Gatta did that just two seasons into her stint when she guided the Tartans to a long-awaited championship. Three more league titles followed, and two of those squads made deep sectional runs.
“I had some wonderful kids,” said the modest Lincoln Elementary School teacher, who has stepped down for personal reasons. “Year in and year out, they worked hard. They got along with each other and helped each other. You have to have that to have so many great teams.”
Gatta’s seven teams put together a combined 84-58 record, including a 52-8 mark from 2009-12. Those three Foothills Council championship teams won 39 of their 40 league games.
“Her teams modeled the way she was as a player,” said Jamian Rockhill, Scotia-Glenville’s athletic director and dean of students. “They were confident, hard-working, dedicated.”

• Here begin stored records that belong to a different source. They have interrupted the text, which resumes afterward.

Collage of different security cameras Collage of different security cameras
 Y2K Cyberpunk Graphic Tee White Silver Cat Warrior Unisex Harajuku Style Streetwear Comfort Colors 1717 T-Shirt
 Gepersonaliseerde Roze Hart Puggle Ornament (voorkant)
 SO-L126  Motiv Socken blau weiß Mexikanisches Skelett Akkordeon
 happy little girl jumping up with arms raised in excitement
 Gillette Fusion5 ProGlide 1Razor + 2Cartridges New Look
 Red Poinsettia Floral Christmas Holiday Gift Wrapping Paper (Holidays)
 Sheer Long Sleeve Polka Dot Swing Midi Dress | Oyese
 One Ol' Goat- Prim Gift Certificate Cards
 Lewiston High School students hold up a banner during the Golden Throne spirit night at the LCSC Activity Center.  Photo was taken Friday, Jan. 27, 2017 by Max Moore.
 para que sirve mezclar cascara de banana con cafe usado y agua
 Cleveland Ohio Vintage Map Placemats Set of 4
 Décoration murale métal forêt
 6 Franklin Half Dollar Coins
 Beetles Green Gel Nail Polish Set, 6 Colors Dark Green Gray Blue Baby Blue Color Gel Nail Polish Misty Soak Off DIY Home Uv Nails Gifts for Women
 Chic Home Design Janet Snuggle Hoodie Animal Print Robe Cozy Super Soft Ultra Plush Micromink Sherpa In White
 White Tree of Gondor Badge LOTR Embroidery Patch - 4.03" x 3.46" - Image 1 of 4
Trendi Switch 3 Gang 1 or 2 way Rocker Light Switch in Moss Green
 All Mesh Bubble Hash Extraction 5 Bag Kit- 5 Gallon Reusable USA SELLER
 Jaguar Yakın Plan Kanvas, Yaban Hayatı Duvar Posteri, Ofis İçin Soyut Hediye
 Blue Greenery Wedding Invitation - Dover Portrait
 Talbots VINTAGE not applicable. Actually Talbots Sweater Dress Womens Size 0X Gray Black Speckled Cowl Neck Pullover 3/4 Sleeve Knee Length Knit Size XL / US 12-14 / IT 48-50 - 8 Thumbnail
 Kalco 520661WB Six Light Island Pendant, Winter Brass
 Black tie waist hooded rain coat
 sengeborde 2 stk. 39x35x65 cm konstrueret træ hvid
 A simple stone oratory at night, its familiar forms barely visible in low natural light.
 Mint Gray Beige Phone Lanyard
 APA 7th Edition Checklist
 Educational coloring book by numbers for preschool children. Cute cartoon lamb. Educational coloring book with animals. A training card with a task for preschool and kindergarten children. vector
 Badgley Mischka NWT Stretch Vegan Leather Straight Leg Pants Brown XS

In Gatta’s first season, the Tartans won only four league games. In her second go-round, they won 11 league games and ended the school’s Foothills championship drought that dated back to 1992.
“That was a very rewarding season. To go from worst to first, no one expected us to do it,” said Gatta, whose 2007-08 team was led by Katie DeVantier, Laura Coderre, Gina Cappuccitti and Leigha Motta. “That showed what hard work can do. We had good athletes, but not necessarily basketball-minded kids. If you put time and energy into something, you can accomplish a lot.”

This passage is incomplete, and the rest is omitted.